Il est plus inhospitalier encore que celui de la veille, l’âpre désert de cette fois ; le sol y est mauvais, n’inspire plus de confiance ; des pierres sournoises et coupantes font trébucher nos bêtes. Et la lune, hélas ! n’est pas près de se lever. Parmi les étoiles lointaines, Vénus seule, très brillante et argentine, nous verse un peu de lumière.

Après deux heures et demie de marche, autre oasis, beaucoup plus grande, plus touffue que celle d’hier. Nous la longeons sans y pénétrer, mais une fraîcheur exquise nous vient, dans le voisinage de tous ces palmiers sous lesquels on entend courir des ruisseaux.

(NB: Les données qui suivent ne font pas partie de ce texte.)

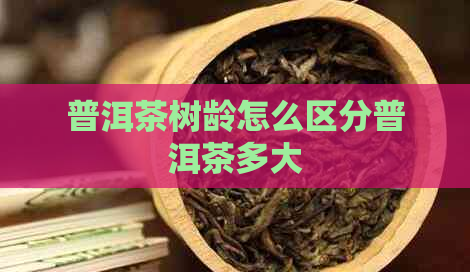 普洱茶树龄怎么区分普洱茶多大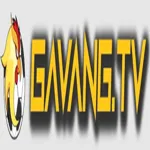 gavangtvllcvn's avatar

Onze heures. Enfin, derrière la montagne là-bas, — toujours cette même montagne dont chaque heure nous rapproche et qui est le rebord, l’immense falaise de l’Iran, — derrière la montagne, une clarté annonce l’entrée en scène de la lune, amie des caravanes. Elle se lève, pure et belle, jetant la lumière à flots, et nous révélant des vapeurs que nous n’avions pas vues. Non plus de ces voiles de sable et de poussière, comme les jours précédens, mais de vraies et précieuses vapeurs d’eau qui, sur toute l’oasis, sont posées au ras du sol, comme pour couver la vie des hommes et des plantes, en cette petite zone privilégiée, quand tout est sécheresse et désolation aux abords ; elles ont des formes très nettes, et on dirait des nuages échoués, qui seraient tangibles ; leurs contours s’éclairent du même or pâle que les flocons aériens en suspens là-haut près de la lune ; et les tiges des dattiers émergent au-dessus, avec toutes leurs palmes arrangées en bouquets noirs. Ce n’est plus un paysage terrestre, car le sol a disparu ; non, c’est quelque jardin de la fée Morgane, qui a poussé sur un coin du ciel...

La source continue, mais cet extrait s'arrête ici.